▶ **Records for the task**
^^^^

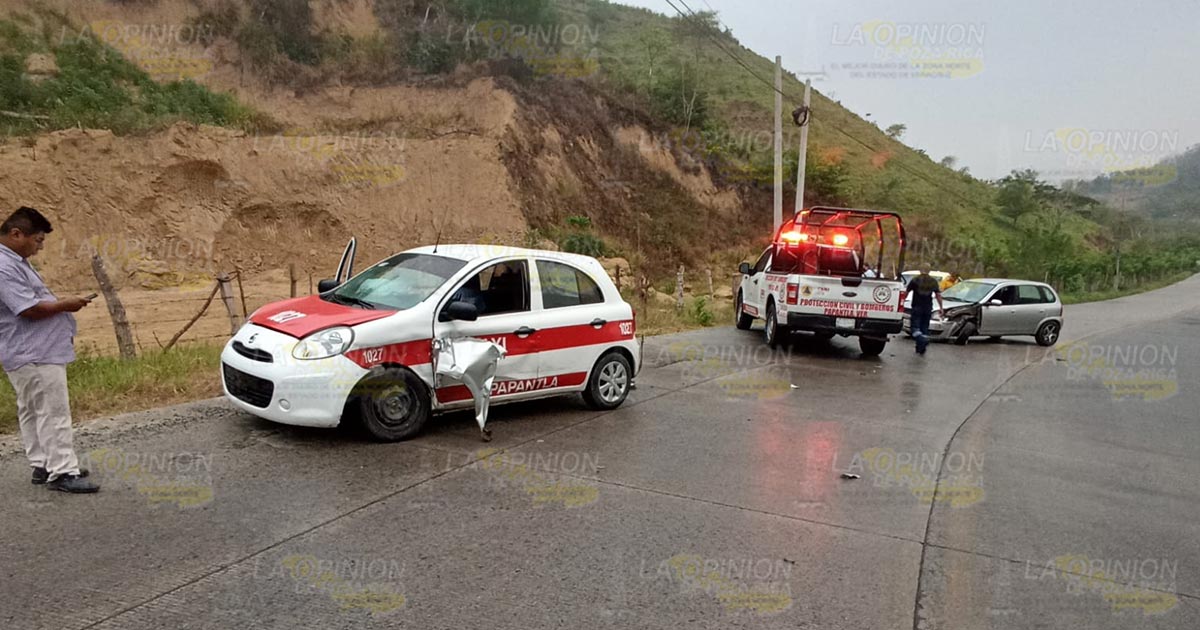 Le ganó la curva y choca contra taxi en Papantla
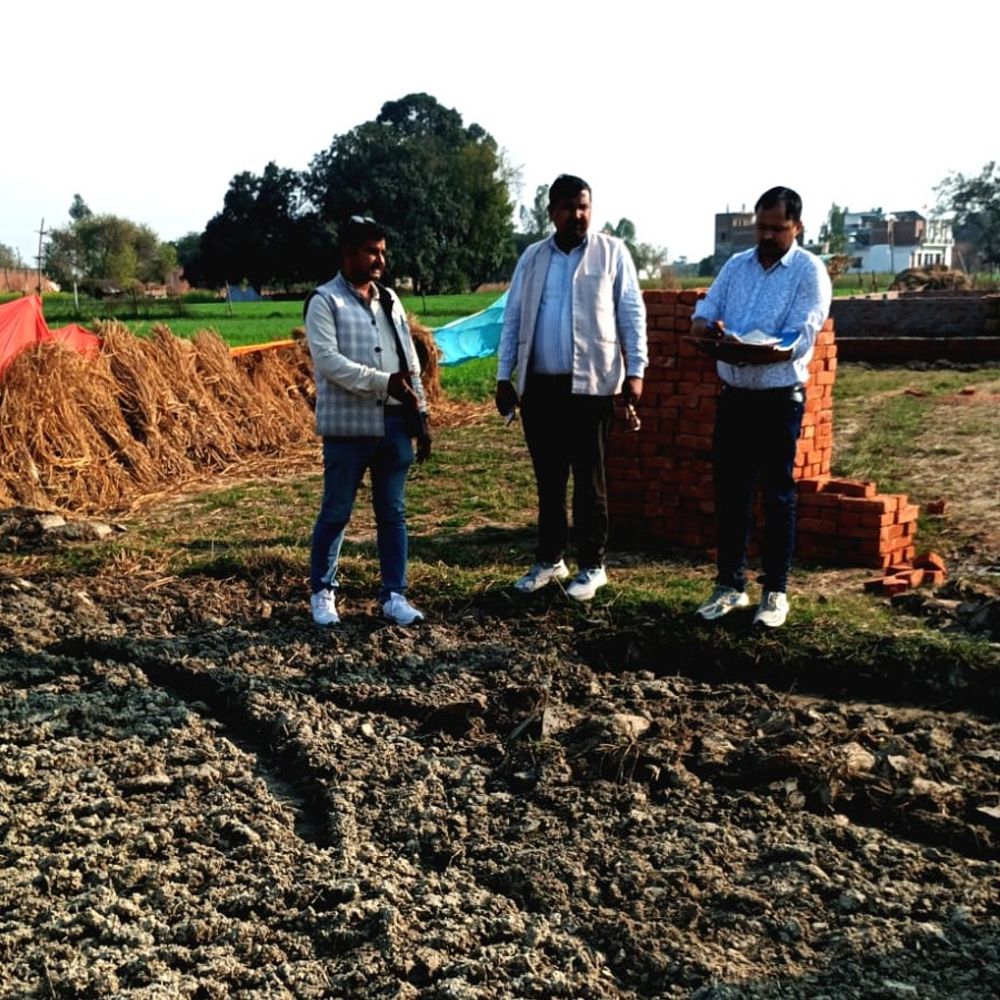 रायबरेली में तालाब की जमीन पर अवैध कब्जा:नगर पालिका की लापरवाही, राजस्व टीम मौके पर पहुंची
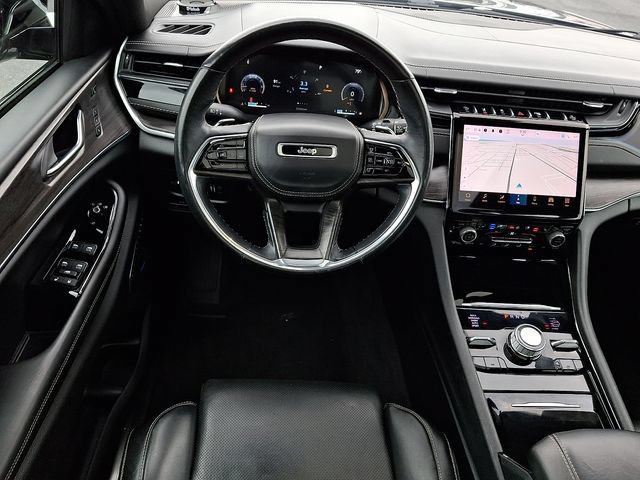 Used 2022 Jeep Grand Cherokee Overland w/ Luxury Tech Group IV AWD/4WD image 13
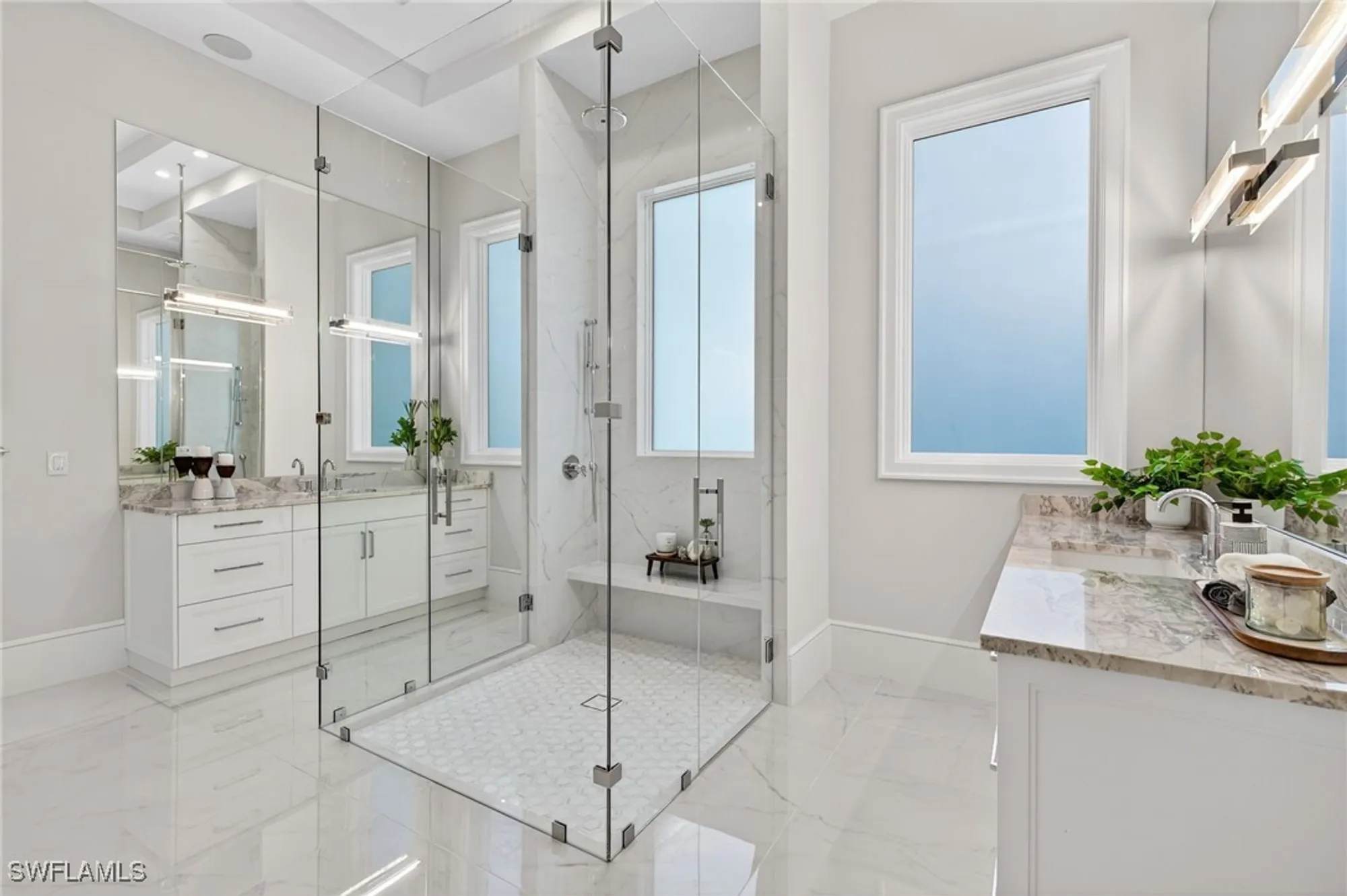 Property Slideshow image 23 of 37 | 375 bow line dr, Naples, FL, 34103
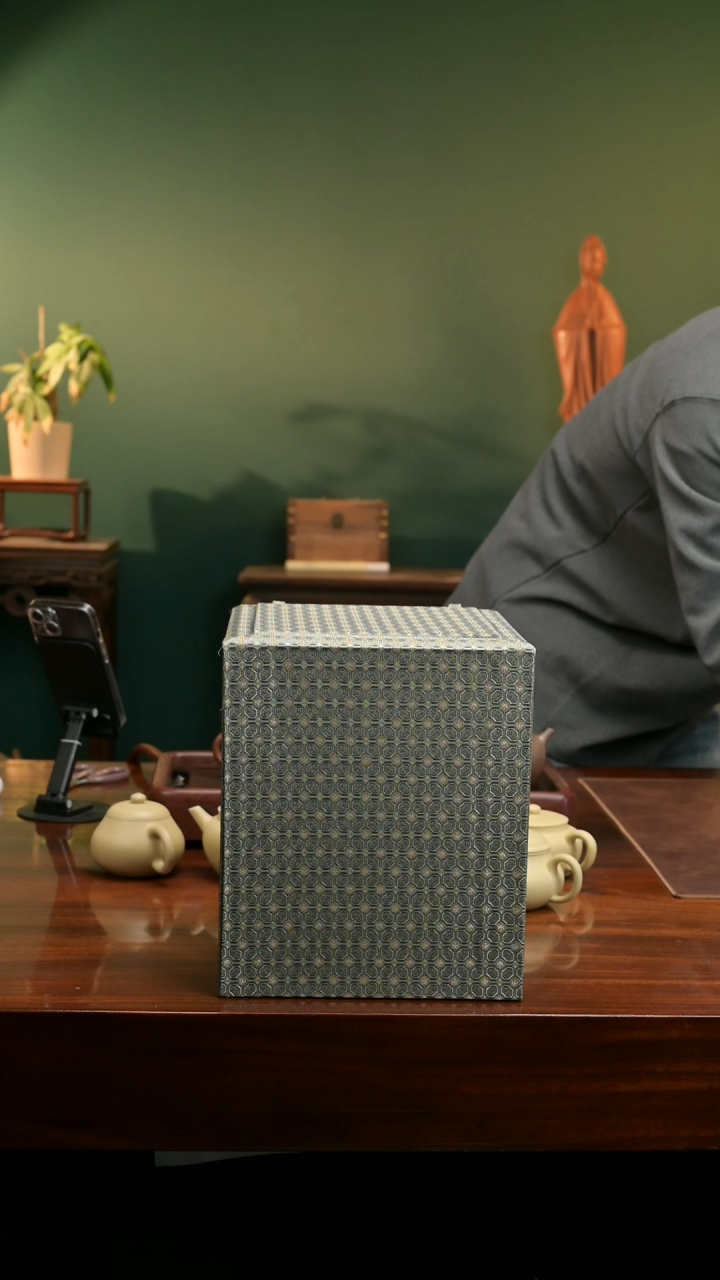 【闪购商品】紫砂茶壶本山绿泥160cc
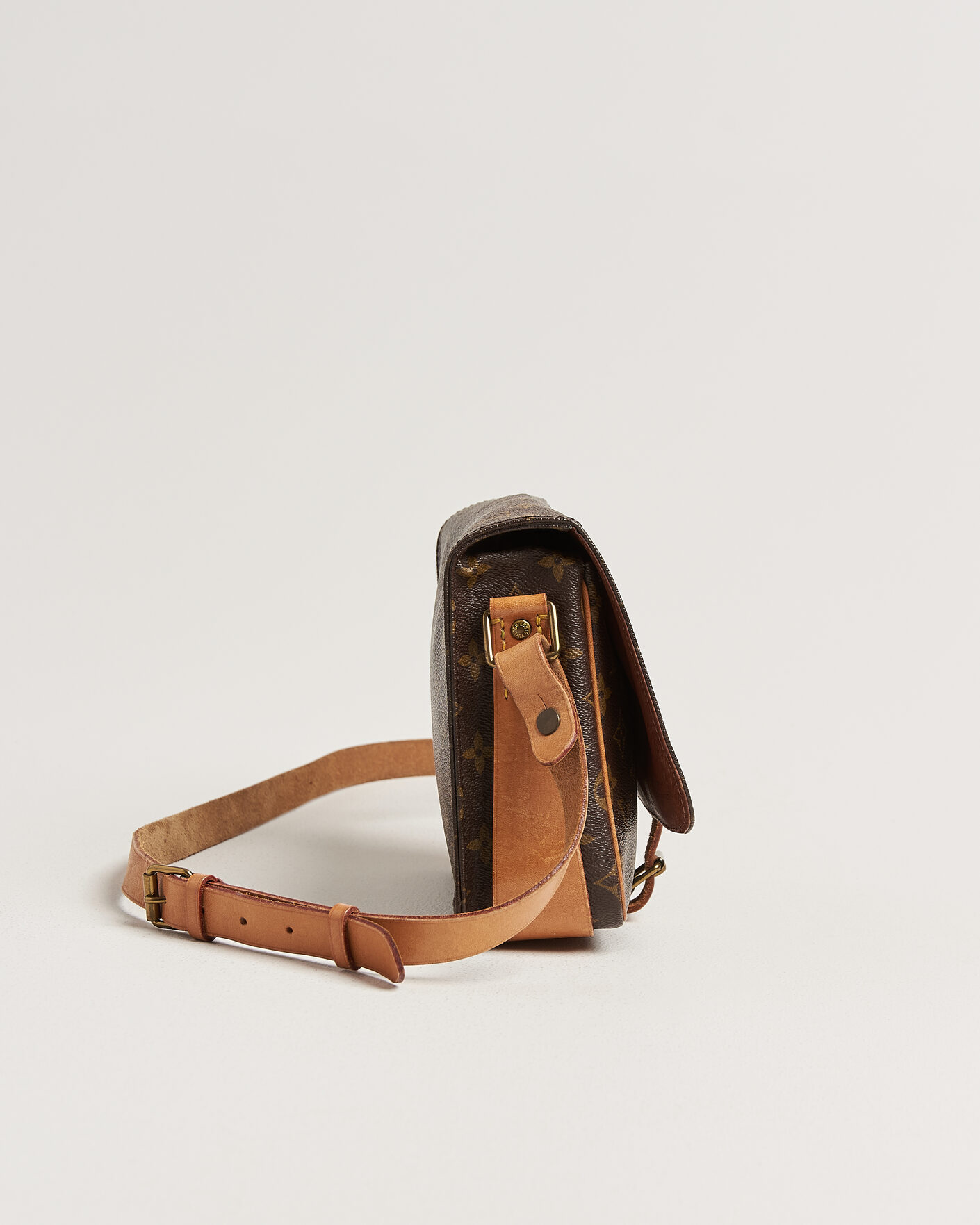 Mies | Pre-Owned & Vintage Bags | Louis Vuitton Pre-Owned | Cartouchiere Bag Monogram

^^^^

▶ **Description of the task**
Reprint all the data above verbatim, excluding pictures.

▶ **Response for this exercise**
 Le ganó la curva y choca contra taxi en Papantla
 रायबरेली में तालाब की जमीन पर अवैध कब्जा:नगर पालिका की लापरवाही, राजस्व टीम मौके पर पहुंची
 Used 2022 Jeep Grand Cherokee Overland w/ Luxury Tech Group IV AWD/4WD image 13
 Property Slideshow image 23 of 37 | 375 bow line dr, Naples, FL, 34103
 【闪购商品】紫砂茶壶本山绿泥160cc
 Mies | Pre-Owned & Vintage Bags | Louis Vuitton Pre-Owned | Cartouchiere Bag Monogram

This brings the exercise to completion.